Dhanakpur: This is where it all started. Thakur Dhanraj Singh killed Ratan Singh to avenge the injustice on his sister. And then, a couple of decades later, his son - Raj - came back to this place and fell in love with his arch enemy's daughter, Rashmi. And movie initials became the rage... long before K3G ruled the multiplexes, QSQT (sometimes, written as QS Cutie) came up with a marketing line like no other - "Who's Aamir Khan? Ask the girl next door!"
This is a place close to Delhi, possible to do a day trip by bike. Thats how Raj and Shyam went there. It also had a sessions court where Ajit Vachchani was a paan-spitting lawyer. And if you were lucky, you could see Rashmi Singh - in a yellow dress - riding a horse. But then, the guy who saw her like that died in her arms at the stroke of sunset. Lucky?

Fursatganj & Pankhinagar: Rakesh, son of TC Trivedi-ji, stayed in the former. Vimmi Saluja, whose parents wanted her to marry a head clerk, stayed in the latter.
Pankhinagar is in the Lucknow district (as a Miss India organiser of Kanpur said) and Vimmi got off at Lucknow from the Jhansi Mail. (There's no such train stopping at Lucknow, at least! Maybe it is Gwalior Mail.) So, Pankhinagar threatens to be somewhere around where real-life Sultanpur exists. Fursatganj remains steadfastly coordinate-less.
From the pictures of the towns, the mindscapes of its residents and their trajectory after they leave, these could be Anytown in Uttar Pradesh - where walls do not constrain dreams, where Bombay is the Holy Grail and where Himesh Reshammaiya is God!
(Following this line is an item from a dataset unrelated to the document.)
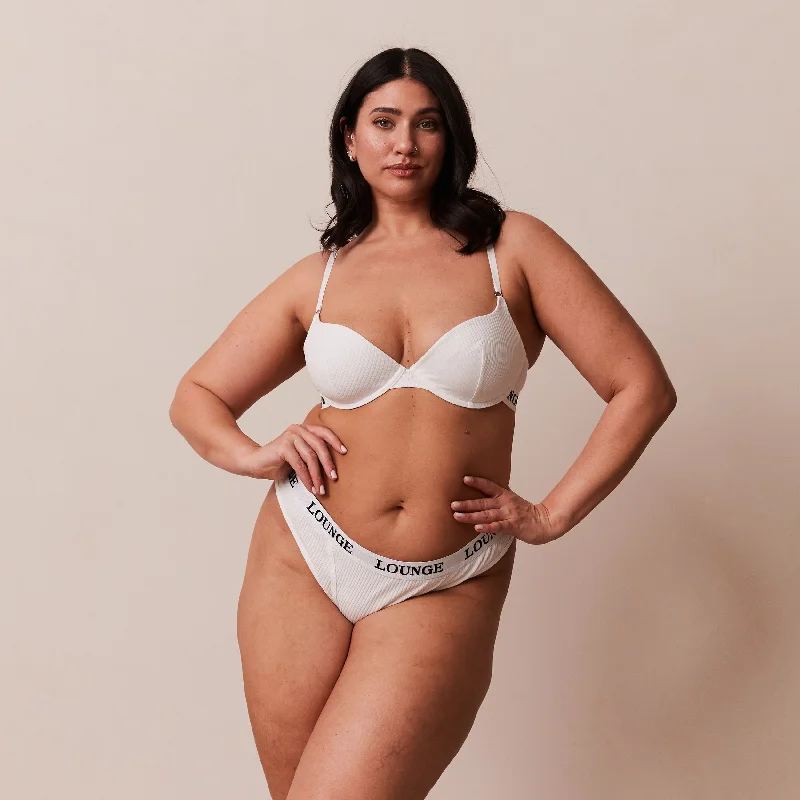 Ultra Comfort Ribbed T-Shirt Bra  - White Chenille Brocade Lace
Champaner: Okay, Champaner exists. In Gujarat.
But that is not the village where a band of 11 rag-tag Indians defeated the British. In a game of cricket. In 1893, a guy called Bhuvan went up one Captain Andrew Russell and challenged him to him a game of 'firangi gilli-danda' and, to borrow a Ravi Shastri cliche, set the cat among the pigeons.
Day-and-night cricket. Coloured clothing. Match fixing. Foreign coach. The 'doosra'. Last-ball victory. Nothing we saw in modern day cricket was not seen in the match of a 100 years ago... and it was a game like no other.
The drought and the landscape seemed to indicate a mid-Western location for the village. The crew shot near Bhuj and the language was a happy mix of central Indian dialects of Hindi.
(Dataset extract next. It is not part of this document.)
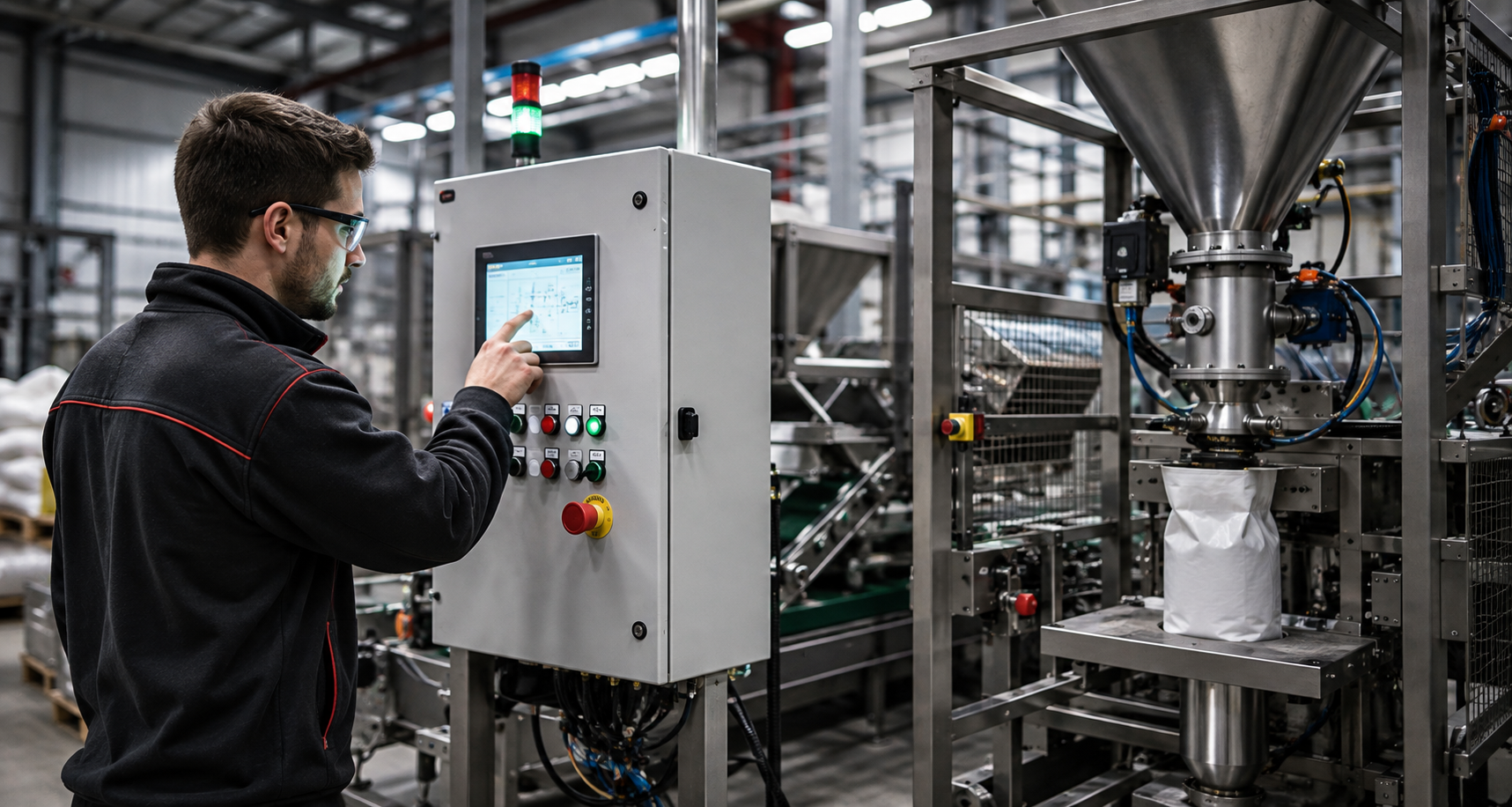 Industrial technician using machinery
Ramgarh: Kashiraam. Dhaulia. Imam sahab. Ahmed. Basanti. Mausi. Radha. Ramlal. Even without the main players, the village of Ramgarh gets populated and gets a life of its own. The ironsmith's shop. The village well, where the dead body of Ahmed arrives. The Thakur's house on a hillock. The famous water tank. The mango orchard. The talao. The Shiv mandir. The Holi maidan. We have been subjected to these set pieces so many times that if we are let off in the village, we can find our way around. And since the entire village was actually mapped and constructed, there is not a false step and no geographical inconsistencies either.
When Ahmed is offered a job in a beedi factory, Basanti mentions the two 'large cities' close by - Meerut and Moradabad. So, the badlands of Central UP is where Ramgarh has to be located. (But the shooting location was a place called Ramanagaram, about a hundred kms from Bangalore. Its landscape is now called "Sholay Rocks" and is a tourist attraction.)

Comments

Anonymous said…
It's on the tip of my tongue! Simi Garewal as the Maharani Sahiba of the Verma khaandaan who was also referred to as Sir Juda ki Naukrani! Gawd, now it's going to drive me crazy until it comes to me! Super post, Dipta...as usual!
Anonymous said…
Dipa, there is an actual Rampur about 10 minutes by train from Moradabad and a Ramgarh close to Ranchi. Imagine a Jharkhandi Jai, which is what is would've been (well, almost) had Shatrughan Sinha got the role as promised.